Pour d'autres, par exemple pour De Gaulle ou, plus modestement, Villepin, cela avait signifié la capacité d'être "le petit qui tient tête aux gros", une puissance qui équilibrait à sa manière l'impérium américain, un "verbe libre". Mais avec Hollande, on sait que c'est le contraire. Il y a peu de chances que ce genre de discours leur fasse plaisir. Qui se pressera pour savoir ce que Hollande aura dit à la tribune des Nations-Unies ?

L'équipe de François Hollande souhaiterait également organiser, à l'occasion de la venue du chef de l'Etat à New York, une rencontre avec le couple Clinton. S'agit-il pour le président français d'apporter son soutien à la candidature d'Hillary ? Quels sont les points communs entre la candidate à la Maison Blanche et le futur candidat à l'Elysée ?

Il est clair que nous sommes dans une lutte non seulement nationale mais aussi internationale entre les tenants du mondialisme, du droit-de-l'hommisme, de l'interventionnisme débridé d'un côté, et, de l'autre côté, ceux qui défendent des positions plus traditionnelles : une diplomatie pragmatique, un resserrement sur les intérêts nationaux, et une plus grande réticence à allumer des feux partout. Des sujets comme le mariage homosexuel sont aussi un marqueur fort entre les idéologues qui veulent effacer les frontières aussi bien des nations que des sexes et ceux qui les tiennent pour un élément de structuration de l'humanité, toujours nécessaire.

A bien des égards, aux Etats-Unis, les choses sont encore pires qu'en France : si vous contestez la théorie du genre, vous risquez d'être exclu de la plupart des universités et aucun journal de la presse mainstream ne voulait dire la vérité sur la santé d' Hillary Clinton ! De ce point de vue, François Hollande et Hillary Clinton sont dans le même camp. Ils le sont d'autant plus que tous les deux sont des faucons. Quand il y a eu en août 2013 une attaque aux armes chimiques dans la banlieue de Damas, Clinton et Hollande (et Fabius !) voulaient bombarder immédiatement la Syrie, ce qui nous aurait conduits à la guerre mondiale. Heureusement, Obama a calmé le jeu avec Poutine : il savait bien (mais Hollande aussi le savait) que l'armée d'Assad n'y était pour rien. On commence même à murmurer que certains services français auraient aidé les rebelles auteurs de cette provocation dans le but d'entraîner les Etats-Unis dans une escalade : si cela était avéré, ce n'est pas le verdict des urnes qu'il faudrait rechercher mais celui de la CPI.

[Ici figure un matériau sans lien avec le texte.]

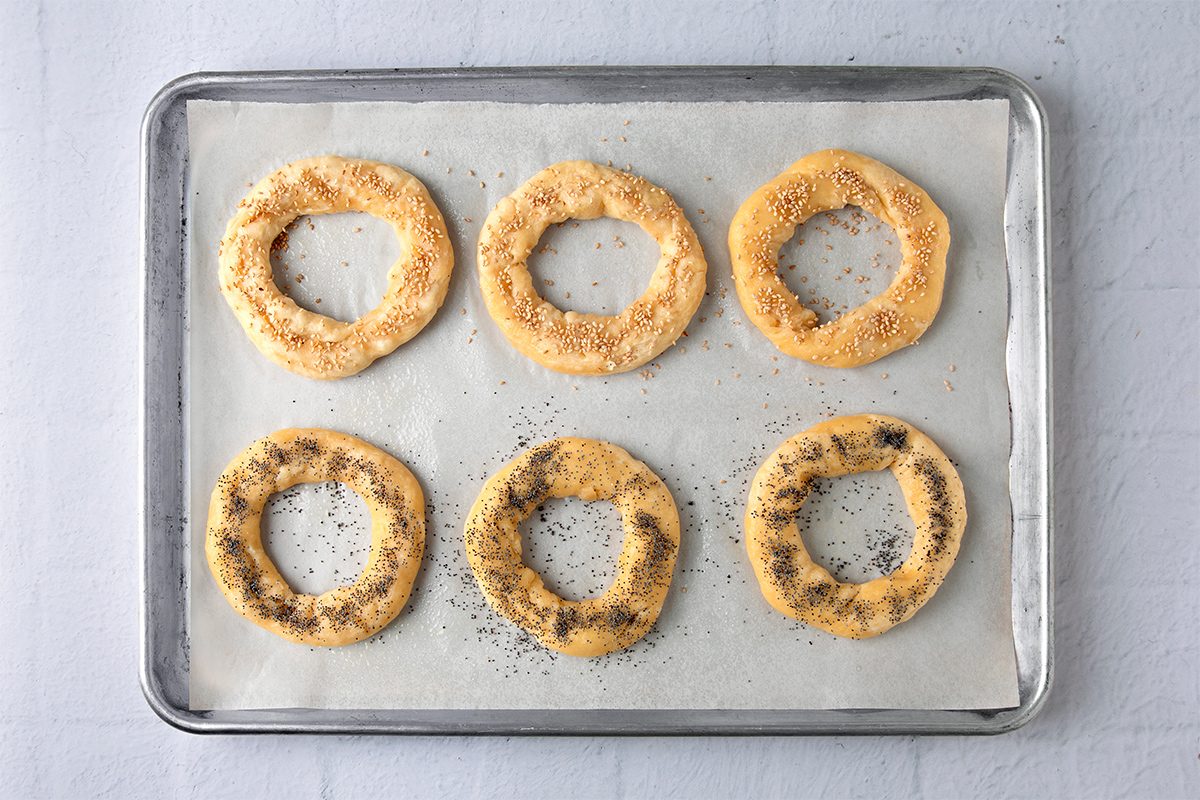 Six raw circular dough rings sprinkled with seeds are arranged neatly on a parchment-lined baking sheet, ready for baking. The baking sheet rests on a light gray surface.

Savoir si François Hollande va apporter quelque chose à Hillary Clinton en la voyant, c'est à elle de juger, mais une telle rencontre serait logique. D'autant que les liens entre le Parti socialiste français et le parti démocrate sont notoires. Les uns et les autres doivent affronter, pour des raisons analogues, la même impopularité.

Les droites classiques bon chic bon genre ayant du mal à se démarquer de ce discours universaliste, sur le fond de la même pensée unique, tout ce qui la rejette, n'a d'autre alternative - ou presque - que ce qu'il est convenu d'appeler les "populistes" : Trump ou Le Pen, ce qui est un choix quelque peu réducteur.